Konsekuensi Yuridis Pertama :
      Dengan hapusnya Perikatan Pokok awal (Perjanjian Kredit awal), maka terhadap seluruh Perjanjian Tambahan / Perjanjian Ikutan / Perjanjian Accessoirnya menyebabkan menjadi hapus pula. Hal ini berarti perjanjian pengikatan jaminannya tidak berlaku, karena perjanjian pokoknya sudah tidak berlaku dengan adanya pembebasan hutang dari Bank kepada PT. A.

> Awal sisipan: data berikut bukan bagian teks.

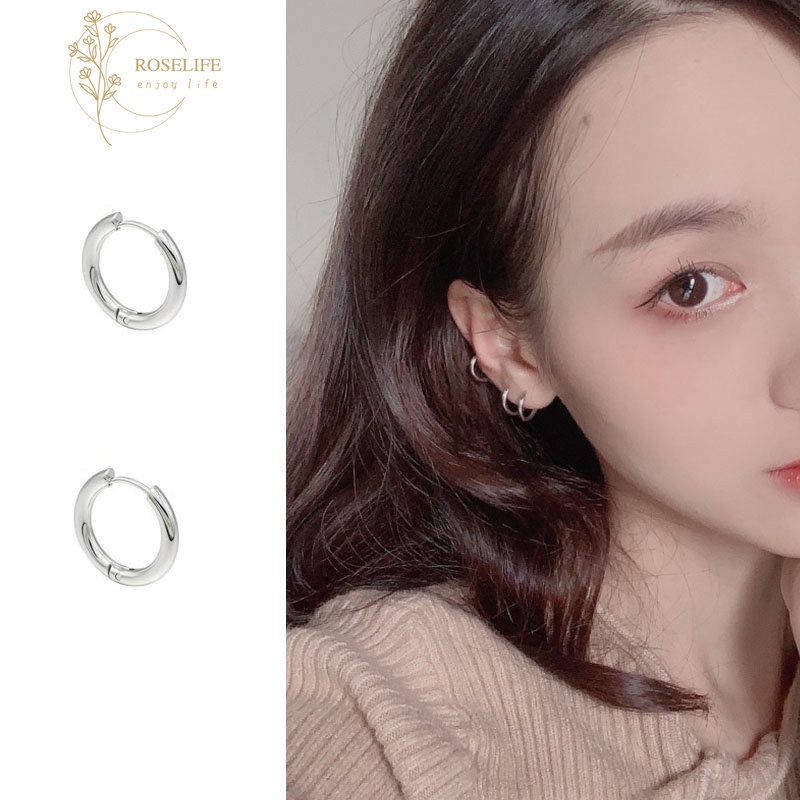 Roselife 2pcs / Set Anting Bulat Minimalis Bahan Titanium Stainless Steel Untuk Perhiasan Pria / Wanita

Konsekuensi Yuridis Kedua :
     Untuk setiap Pembaharuan Utang (Novasi Subyektif Pasif) harus didudukkan melalui suatu perjanjian tersendiri (Akta Novasi) dan Novasi tersebut akan menimbulkan konsekuensi hukum bahwa Perjanjian Kredit awal termasuk Perjanjian Tambahan / Perjanjian Ikutan / Perjanjian Accessoirnya akan menjadi hapus digantikan dengan Perjanjian Kredit baru.
      Berdasarkan konsekuensi di atas, maka harus dibuatkan suatu Perjanjian Kredit baru termasuk Perjanjian Tambahan / Perjanjian Ikutan / Perjanjian Accessoirnya antara BANK dengan PT B untuk menjamin pelunasan kredit tersebut. Sedangkan, PT A tidak dapat dimintakan lagi pertanggung jawaban / kewajibannya oleh BANK selaku kreditur terkait adanya pembebasan utang yang telah dialihkan kepada PT. B.

Comments

  1. akhy, perlu diperjelas lagi bagaimana novasi dalam perbankan syariah.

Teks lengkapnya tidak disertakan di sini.